§ What you are asked to do: The response must consist of the lines below from the one with "Hat, fashion, travel icon.eps" through the one with "American Eagle Outfitters", exactly as they appear and with both ends kept.

§ Listed records:
━━━━━━━━━━━━━━━━
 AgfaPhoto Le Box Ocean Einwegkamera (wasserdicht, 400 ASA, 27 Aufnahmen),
━━━━━━━━━━━━━━━━
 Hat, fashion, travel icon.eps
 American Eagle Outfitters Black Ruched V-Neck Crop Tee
━━━━━━━━━━━━━━━━
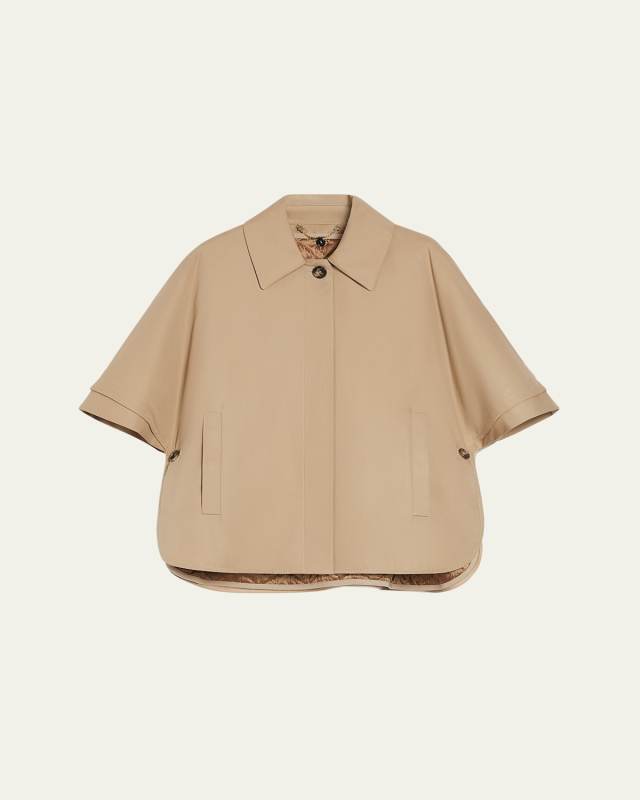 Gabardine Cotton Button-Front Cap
━━━━━━━━━━━━━━━━
§ Solution to this exercise:
 Hat, fashion, travel icon.eps
 American Eagle Outfitters Black Ruched V-Neck Crop Tee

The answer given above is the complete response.